La catégorie de vol détermine la certification à détenir. Aucune ne s'appelle « permis drone » : il s'agit d'attestations et de certificats délivrés après examen.

  • Attestation A1/A3 : formation et examen en ligne gratuits, pour les usages en catégorie Ouverte simples ;
  • BAPD (Brevet d'Aptitude de Pilote à Distance) : requis pour la sous-catégorie A2, valable 5 ans ;
  • CATS (Certificat d'Aptitude Théorique aux Scénarios standard) : exigé en catégorie Spécifique. Il a remplacé l'ancien CATT et suppose de détenir déjà l'attestation A1/A3 ou le BAPD.

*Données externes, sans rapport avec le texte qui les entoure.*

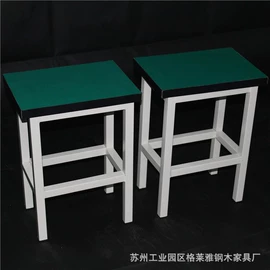 工作台;防静电椅;钳工工作台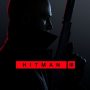 The development team said the development of HITMAN 3 was driven by the power of the PlayStation 5. HITMAN 3 was announced last month...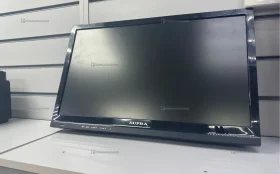 Купить Телевизор Supra STV-LC2277FL б/у , в Челябинск Цена:2900рублей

Le détail du parcours est développé dans notre article comment devenir télépilote de drone professionnel.

L'assurance : une obligation légale, pas une option

C'est le point le plus souvent négligé, et le plus lourd de conséquences. La responsabilité civile aérienne est obligatoire pour tout exploitant de drone, en vertu de l'article L6131-2 du Code des transports et du règlement européen CE 785/2004. Le montant minimal de garantie est fixé à 750 000 DTS (environ 900 000 €) pour un drone de moins de 20 kg.

La DGAC exige l'attestation d'assurance dès l'enregistrement de l'exploitant. Voler sans couverture expose à des sanctions pénales lourdes : jusqu'à 75 000 € d'amende pour une personne physique et 375 000 € pour une personne morale. Au-delà de la sanction, un crash sur un tiers ou une automobile peut engager des sommes qu'aucune trésorerie d'indépendant n'absorbe seule.

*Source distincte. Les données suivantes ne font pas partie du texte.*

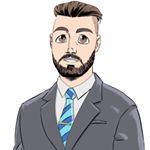 Profile Picture of Aaron Pendleton Real Estate (@aaronpendleton.realestate) on Instagram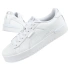 Puma Jada W 386401 01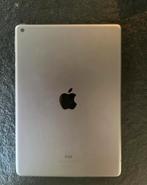 Ipad air (7e generatie), Computers en Software, Apple iPads, 32 GB, Apple iPad, Zo goed als nieuw, Grijs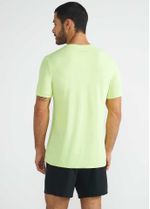 camiseta_masculina_manga_curta_thermodry_citrus_002_TF040042_1817.jpg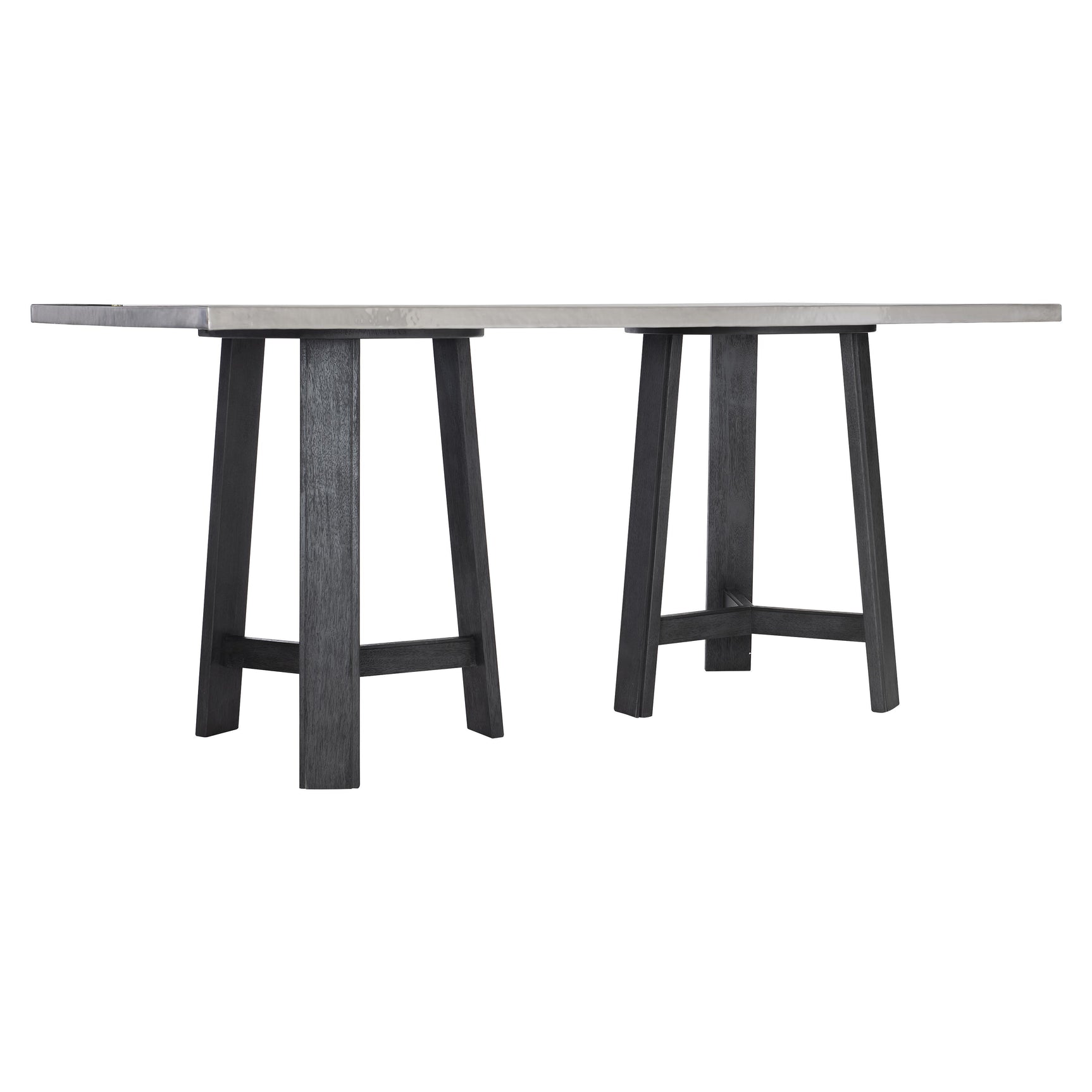 Harding Cocoa Dining Table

La RC pro drone couvre précisément ces dommages causés aux tiers. Pour situer le budget, consultez notre guide du prix de l'assurance drone professionnel, ou demandez un devis adapté à votre activité.

Enregistrement et identification sur AlphaTango

Avant le premier vol commercial, l'exploitant s'enregistre gratuitement sur AlphaTango, le portail de la DGAC. L'enregistrement est obligatoire dès que le drone pèse plus de 250 g ou embarque un capteur (caméra, micro) — ce qui couvre la quasi-totalité des usages professionnels. En catégorie Spécifique, une déclaration d'exploitation assortie d'un manuel d'exploitation (MANEX) s'ajoute à l'enregistrement.

Deux dispositifs d'identification complètent l'ensemble : l'identification directe à distance (remote ID européen) et le signalement électronique à distance (exigence française pour les drones de plus de 800 g). Le détail des démarches figure dans notre guide comment déclarer un drone en tant que professionnel.

En résumé, exercer légalement en 2026 tient en quatre jalons : identifier sa catégorie de vol, détenir la certification correspondante, s'enregistrer sur AlphaTango et souscrire une assurance RC aérienne conforme. Les trois premiers ouvrent le droit de voler ; le quatrième vous protège le jour où quelque chose tourne mal.